Summary of Facts and Submissions

I. Mention of the grant of European patent No. 1 118 633 in respect of European patent application No. 01101070.9, which had been filed on 18 January 2001 in the name of Nippon Shokubai Co. Ltd., was published on 8 June 2005 (Bulletin 2005/23). The patent was granted with 6 claims, Claim 1 reading as follows:

"1. A process for storing a particulate free-flowing surface-crosslinked water-absorbent resin, which comprises a step of storing a particulate water-absorbent resin obtained by pulverizing a dry water-absorbent resin product, wherein the particulate water-absorbent resin has an absorption capacity under load of not less than 18 g/g, with the process being characterised by carrying out all of the following features:

(1) heating at least one portion of a surface getting contact with the particulate water-absorbent resin from the outside,

(2) maintaining the temperature of at least one portion of a surface getting contact with the particulate water-absorbent resin at 40 to 90ºC, and

(3) maintaining the temperature of at least one portion of a surface getting contact with the particulate water-absorbent resin above a temperature that is lower than the temperature of the particulate water-absorbent resin by 20ºC,

when storing the particulate water-absorbent resin."

II. A notice of opposition was filed by the company BASF AG (now BASF SE) on 7 March 2006, requesting revocation of the patent on the grounds that the claimed subject-matter was not inventive and insufficiently disclosed (Articles 100(a) and 100(b) EPC).

With a letter dated 8 January 2009 the patent proprietor filed auxiliary requests 1 to 11.

With a letter dated 9 February 2009 the opponent raised a new ground for opposition under Article 100(c) EPC. The opponent argued that the compulsory combination of features (1) to (3) according to Claim 1 as granted was not disclosed in the application as filed, with the result that Claim 1 as granted contravened the requirements of Article 123(2) EPC.

During the oral proceedings held before the opposition division, the patent proprietor filed a further auxiliary request 1a.

III. By its decision announced orally on 13 March 2009 and issued in writing on 15 April 2009, the opposition division revoked the European patent. The opposition division considered that the fresh ground for opposition was prima facie relevant to the maintenance of the patent and admitted it to the proceedings. It considered that the combination of features (1) to (3), as required by Claim 1 of all requests, had not been disclosed in the application as filed (Articles 100(c)/123(2) EPC).

The opposition division argued as follows:

- The expression "with the process being characterised by carrying out at least one selected from the group consisting of: (1) ... (2) ... and (3)...", used in Claim 1 as originally filed [Claim 7 was apparently meant], was a generic disclosure which should not be considered equivalent to a disclosure of a list including all possible specific combinations within the ambit of this expression.

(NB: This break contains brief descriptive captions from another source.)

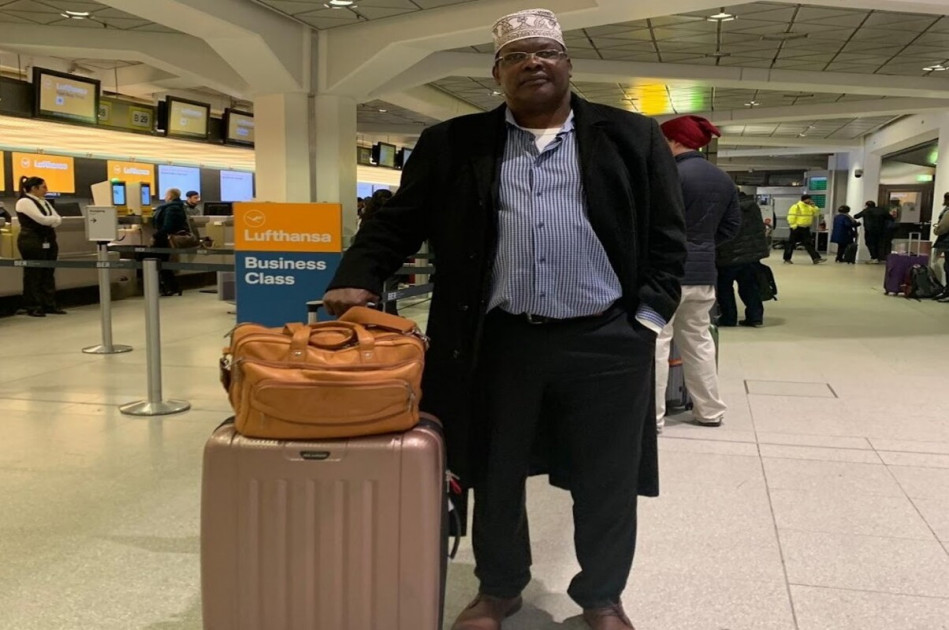 citizentvkenya's tweet photo. Advocate Miguna Miguna announces return to Kenya, set to depart from Toronto on October 24

“After nearly 5 years of forced BARBARIC EXILE, I'm returning home.
Departing from Toronto: October 24, 2022.
Arrival at JKIA, Nairobi: October 25, 2022 at 8:20 PM.”

Picture: File https://t.co/wWI49rjuux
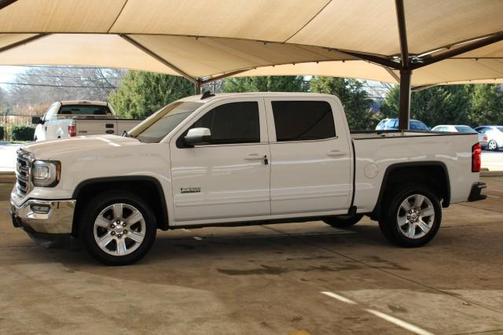 2017 GMC Sierra 1500 SLE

Since the expression "all of the following features" related to one of these specific combinations, it did not find support in the claim as filed considered alone.

- Examples 3 and 6 of the patent in suit disclosed the combination of features (1) and (2) but were silent with regard to feature (3). The fact that in these specific examples the temperature requirement of feature (3) was likely to be satisfied could not be considered an unambiguous teaching of a process in which the three process features were carried out in combination.

- The general disclosure of the invention in the application as filed (page 15, line 23, to page 18, line 18) disclosed the three features as isolated alternatives which were independent of each other, rather than in combination.

IV. On 8 May 2009 the patent proprietor (appellant) filed an appeal against the decision of the opposition division and paid the appeal fee on the same day.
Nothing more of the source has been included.